A report from last month by the US National Counterintelligence Executive openly named China and Russia as key cyber threats, saying that "the governments of China and Russia will remain aggressive and capable collectors of sensitive US economic information and technologies, particularly in cyberspace".

However, cyber security analyst Jeffrey Carr disputed the claims, saying that the researchers quoted in the article (Mandiant and Dell SecureWorks) have a vested interest in painting China as the bad guy since the bulk of their marketing is advanced persistent threat-centric, with APT being 'code' for China.

In a blog posting, Carr also said that the 12 hacker groups have not been named, which prevents independent analysis being performed by individuals who don't have a vested interest in the outcome.

He further said: “There's been no proven reliable way to assign attribution. Digital DNA is a marketing ploy, not a fact. It conflicts with our own research on state and non-state actors involved in cyber espionage.

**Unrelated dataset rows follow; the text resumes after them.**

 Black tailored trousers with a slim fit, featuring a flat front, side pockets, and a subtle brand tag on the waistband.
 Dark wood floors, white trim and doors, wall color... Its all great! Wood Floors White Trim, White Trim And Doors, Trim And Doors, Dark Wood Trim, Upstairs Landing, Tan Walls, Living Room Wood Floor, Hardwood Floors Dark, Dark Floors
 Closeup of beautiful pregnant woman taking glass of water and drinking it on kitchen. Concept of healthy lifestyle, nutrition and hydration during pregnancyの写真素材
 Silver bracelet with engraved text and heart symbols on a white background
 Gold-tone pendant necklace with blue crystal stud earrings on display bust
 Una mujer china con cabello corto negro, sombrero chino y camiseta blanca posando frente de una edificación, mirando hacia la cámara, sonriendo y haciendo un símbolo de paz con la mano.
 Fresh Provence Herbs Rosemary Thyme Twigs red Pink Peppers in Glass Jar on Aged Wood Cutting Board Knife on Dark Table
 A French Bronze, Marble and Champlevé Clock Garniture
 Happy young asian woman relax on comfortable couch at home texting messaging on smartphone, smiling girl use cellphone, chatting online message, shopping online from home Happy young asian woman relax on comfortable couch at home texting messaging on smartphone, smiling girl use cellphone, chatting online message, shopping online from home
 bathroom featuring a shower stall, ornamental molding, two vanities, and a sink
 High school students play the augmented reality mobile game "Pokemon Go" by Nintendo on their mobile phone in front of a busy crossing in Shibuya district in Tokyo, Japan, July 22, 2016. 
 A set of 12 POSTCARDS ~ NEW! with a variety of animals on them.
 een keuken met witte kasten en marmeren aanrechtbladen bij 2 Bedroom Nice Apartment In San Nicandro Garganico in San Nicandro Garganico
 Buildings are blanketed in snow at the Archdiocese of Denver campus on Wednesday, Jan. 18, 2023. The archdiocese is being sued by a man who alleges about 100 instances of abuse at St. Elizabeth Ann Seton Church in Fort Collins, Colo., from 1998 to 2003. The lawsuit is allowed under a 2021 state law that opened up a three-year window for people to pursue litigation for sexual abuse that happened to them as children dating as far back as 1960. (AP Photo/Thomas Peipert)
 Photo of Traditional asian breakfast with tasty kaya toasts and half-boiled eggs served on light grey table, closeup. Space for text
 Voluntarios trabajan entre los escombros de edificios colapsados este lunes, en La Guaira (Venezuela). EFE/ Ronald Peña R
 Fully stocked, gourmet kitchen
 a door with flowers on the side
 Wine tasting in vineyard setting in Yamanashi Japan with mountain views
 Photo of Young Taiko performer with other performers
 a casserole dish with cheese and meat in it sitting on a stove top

“It conflicts with our confidential work in incident response and protection for Taia Global clients, including members of the Defense Industrial Base. It lacks rigour. For example, I highly doubt that either Mandiant or Dell SecureWorks applied negative analysis to their findings before making their claims (i.e., looked for reasons why their findings could be wrong – a standard analytic technique).”

Carr called it "sensationalist reporting" that "feeds anti-China paranoia while minimising the role of many other state actors engaging in the same activity as China".

“Senators and Congressmen unfortunately don't have enough knowledge about cyber security to discern truth from fiction so what starts off as highly questionable analysis soon becomes terrible US government policies; especially when it is advocating for permission for civilian US companies to counterattack a specific nation's network. There has never been a worse idea in the history of bad ideas than that one,” he said.